Além disto, os frigoríficos e as empresas envolvidas não explicaram como funciona o seu processo de trabalho, respondendo o que é feito com as carnes fora do prazo de validade e as carnes estragadas? Como estas são descartadas? São reutilizadas? A resposta a estas perguntas é de suma importância, mas as empresas somente fazem marketing, blindando os seus produtos, mas sem responder a estas perguntas pontuais, para sanar as dúvidas geradas pelas irregularidades constatadas.

O Instituto Brasileiro de Defesa do Consumidor (IDEC) no dia 20 deste mês, solicitou do governo a retirada das mercadorias contaminadas do mercado, mais transparência sobre o processo de fiscalização, informações sobre a atuação do Sistema de Inspeção Federal (SIF).

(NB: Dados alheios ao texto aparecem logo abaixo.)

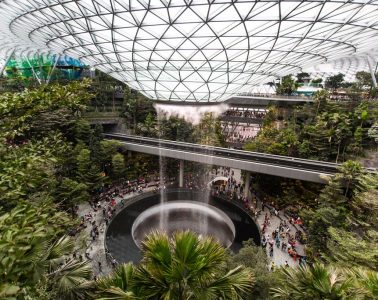 新加坡消息 — 星空花園 隆重開幕！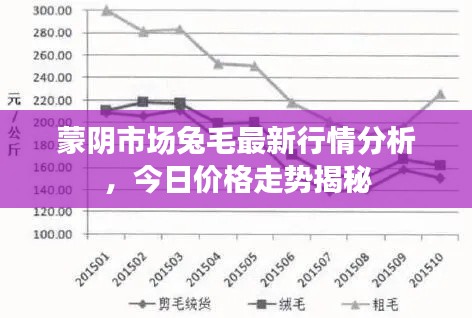 蒙阴市场兔毛最新行情分析,今日价格走势揭秘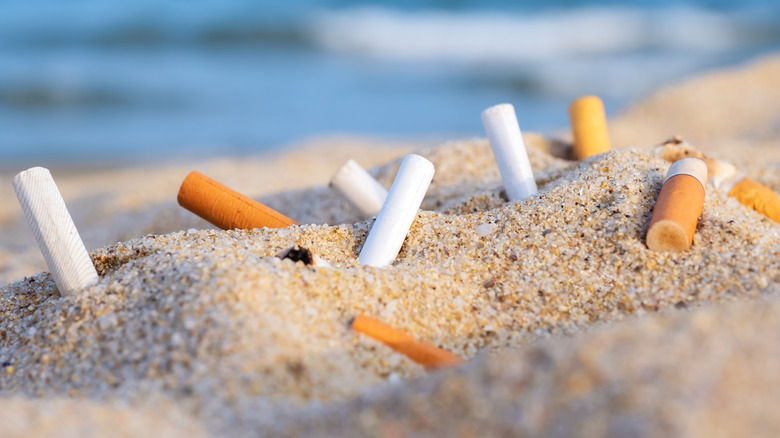 Cigarettfimpar i gul sand på en strand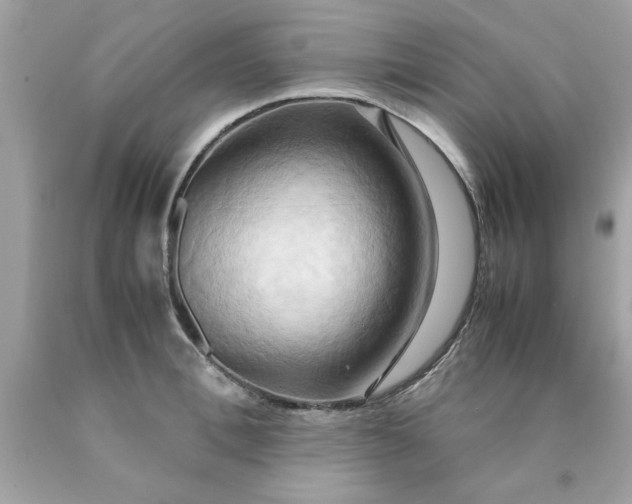 X0000090490996200707272336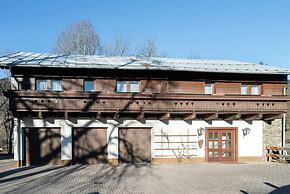 Detached Modern Holiday Home With Sauna in the Salzburgerland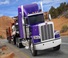 Камиони Влекачи Peterbilt 389 58” Low Roof PACCAR MX-13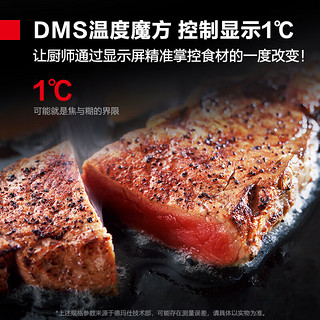 德玛仕（DEMASHI）大型烘焙烤箱商用 烤全鸡烤鸡翅披萨面包蛋糕地瓜大容量电烤箱两层四盘DKX-2D-4L（380V）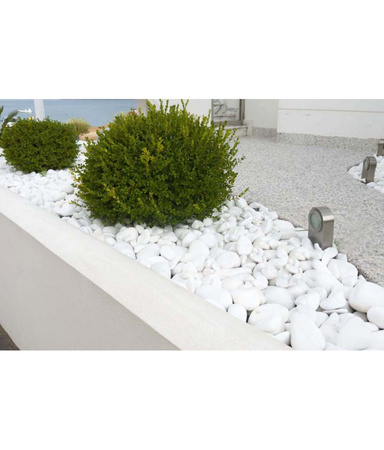 EXTRA WHITE THASSOS 60-100mm 20kg Pietricele Biovita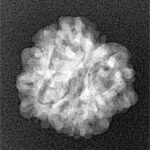 1MK(Underdeveloped) 18.5mm 2gm - Xray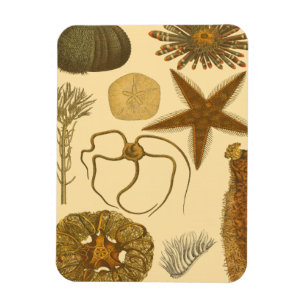 Unterwasserseegeschöpfe Magnet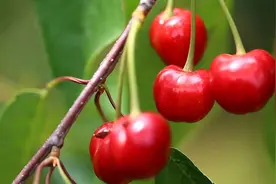 80秒丨济南万亩樱桃熟了 电商平台助力樱桃销售视频封面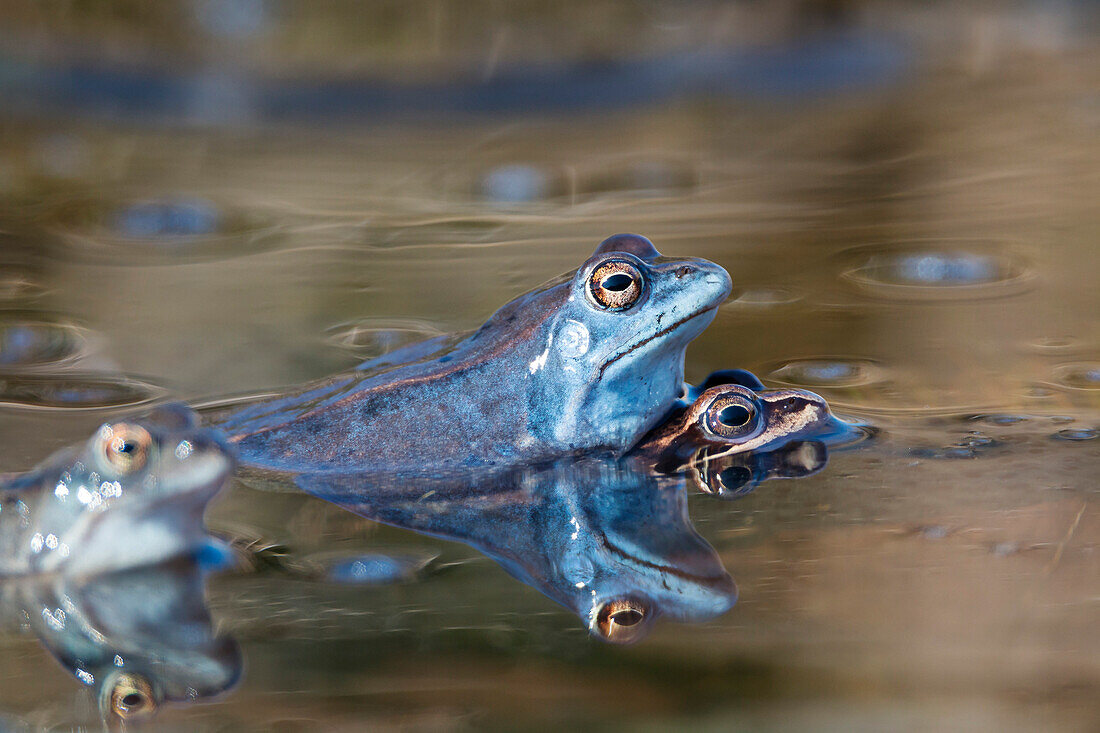 Moor Frog, Rana arvalis, mating, Bavaria, Germany, Europe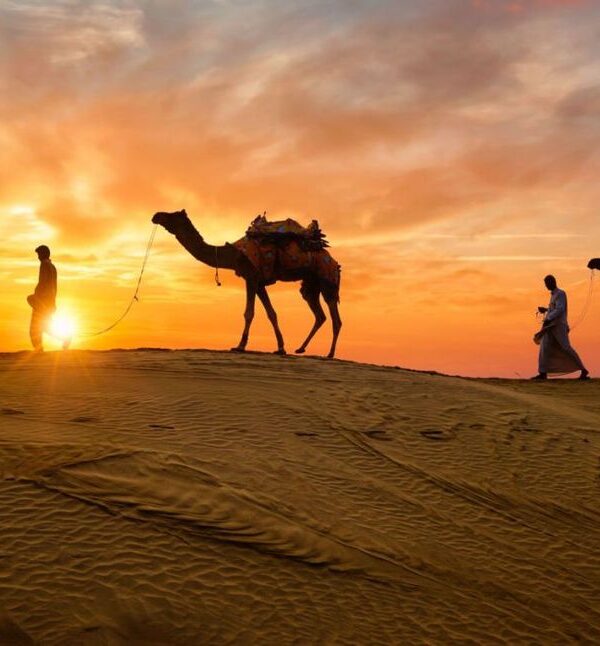 India Tour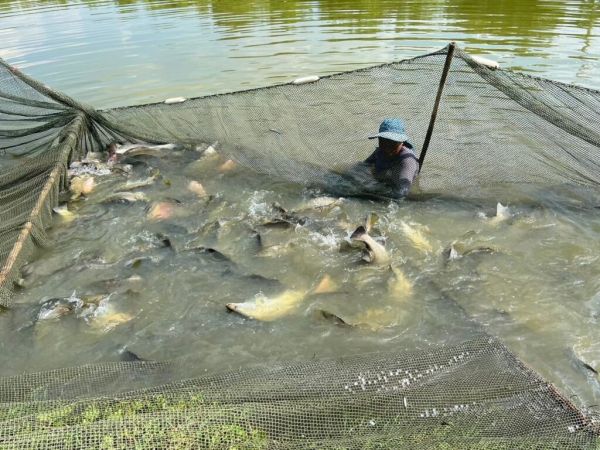 ปลากะพง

O IDEC recomendou que o consumidor não consuma produtos das empresas relacionadas na operação, até todos os produtos terem os riscos descartados. Caso tenha adquirido produtos dessas empresas e ainda não tenha consumido, o consumidor deve fazer a devolução e a troca no local onde adquiriu. Até a solução das irregularidades, o IDEC aconselha que o consumidor priorize alimentos in natura, ou minimamente processados e não embalados, e evite alimentos ultra processados, produzidos a partir de carnes, como salsicha, linguiça, nuggets, hambúrgueres, etc. Na compra de carnes frescas o consumidor deve ficar atento às seguintes características: se apresenta coloração avermelhada, textura não pegajosa e lisa, ausência de mau cheiro.

A indústria da carne se mostra indignada com o que aconteceu, mas diante da gravidade das acusações, podemos agradecer à Polícia Federal por expor as fragilidades e isto fará com que ocorra a melhoria da qualidade dos produtos disponibilizados para os consumidores. Ao final, constatamos que devemos relativizar como indicadores de qualidade de produto o fato de pertencer a determinado fabricante ou mesmo o selo de qualidade constante nas embalagens.

Na segunda-feira (27) alguns grandes importadores da carne brasileira passaram a retirar a suspensão de compras, exceto dos 21 frigoríficos diagnosticados com irregularidade, e está estimada uma queda de 10% nas exportações de carne no ano de 2017.

Esperamos que as autoridades e as empresas envolvidas venham a adotar práticas mais protetivas do consumidor, onde todos ganham. Além disto, esperamos poder ter um sistema produtivo e fiscalizatório mais robusto e confiável em todo o sistema produtor de bens para o consumidor, ao lado de um aparato policial atuante para reprimir eventuais abusos e de um Ministério Público independente, pois é isto que se espera de um país democrático, onde órgãos executam, outros fiscalizam, outros reprimem e outros acusam e julgam.